What I stressed there was that the reason there would be sin in such a marriage inevitably is that the conscience of one or the other spouse would have to be compromised to make the marriage work and it is a sin to compromise your conscience. Now I think my last sentence was this. I went back and jotted it down: Walking into a marriage with this level of disagreement about your respective roles would be walking into a relationship that is sin to leave — a divorce — in which someone must sin to make it work.
What I meant, in the context, in that last phrase was that someone must sin because someone must compromise his conscience. But the longer I have thought about this, the less comfortable I am saying that the compromises one might have to make in such a marriage are necessarily compromises of conscience.
In other words, I think I can say to those of you who are in such marriages — whether you moved in intentionally or slipped in because somebody changed his mind later, where the husband and wife do not agree on the role of husband and wife — it may be possible to make concessions for the sake of preserving the marriage which do not necessarily compromise your conviction or your conscience.
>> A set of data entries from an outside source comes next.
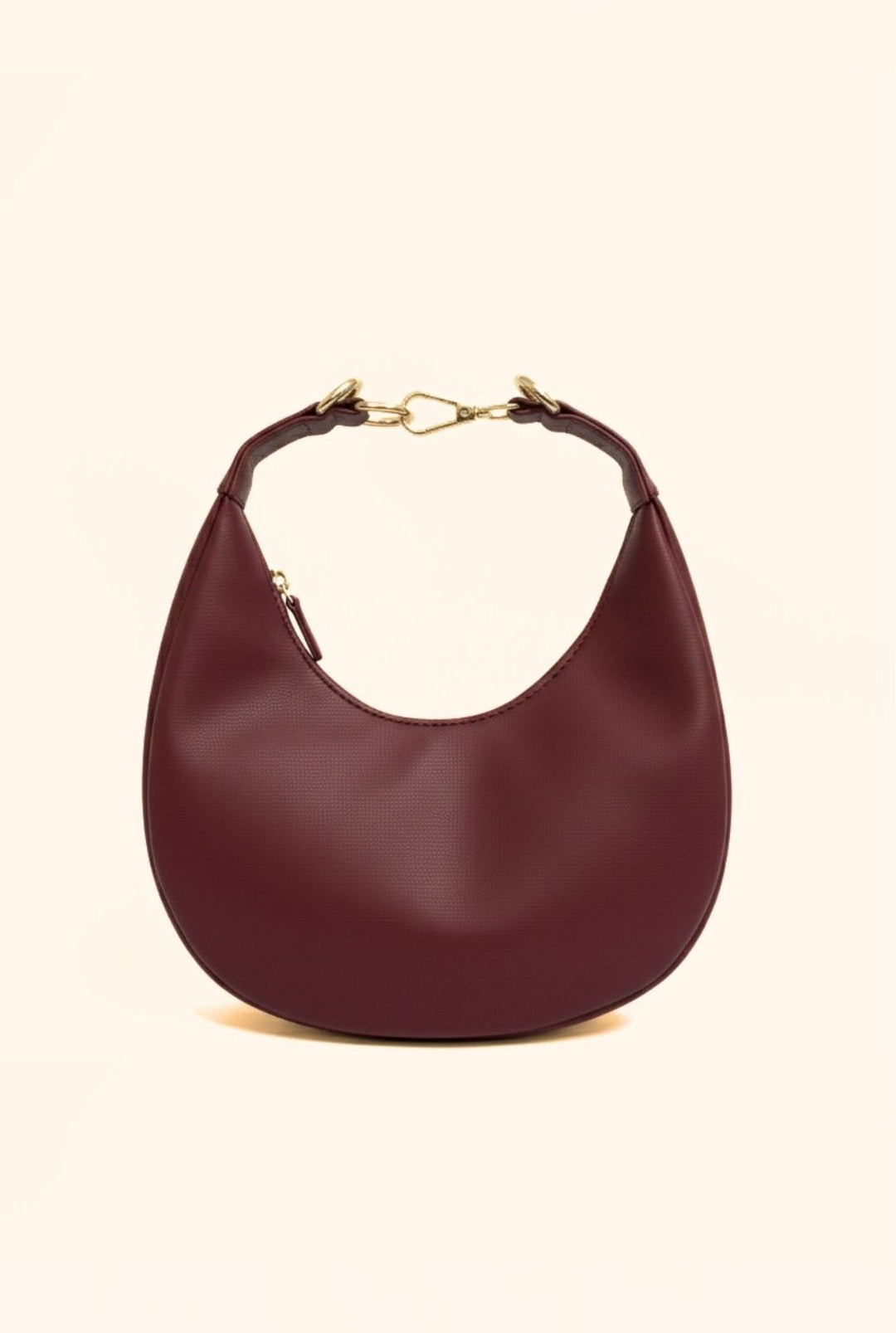Ruelle Sling Bag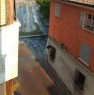 foto 1 - stanze in trilocale in centro a Fidenza a Parma in Affitto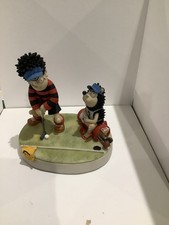 Robert Harrop BEANO DANDY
Let me try to illustrate. Suppose he is a complementarian and believes he should take the lead in calling his wife and family together for Bible reading and prayer each evening, and suppose she is an egalitarian and bristles at the thought that his calling her and the children together is a responsibility invested in him simply because he is the husband and the father. She doesn’t like that. Now suppose that he makes a practice of gently, joyfully inviting the family. “Let’s” — the word is “let’s” not “come” — “Let’s gather,” inviting the family to gather in the living room each night.
His wife may believe that this practice is based on her husband’s unbiblical views — that is the way he is taking initiative here and doing it consistently — but may concede to the practice for the sake of peace in the home. She doesn’t change her egalitarian view of the Scripture and she doesn’t see her behavior as a compromise of conscience because she is preserving what she perceives as a higher good; namely, the sanctity and peace of the marriage. I think she is not sinning against her conscience in that specific choice. That is a correction, I think, from what I said last time.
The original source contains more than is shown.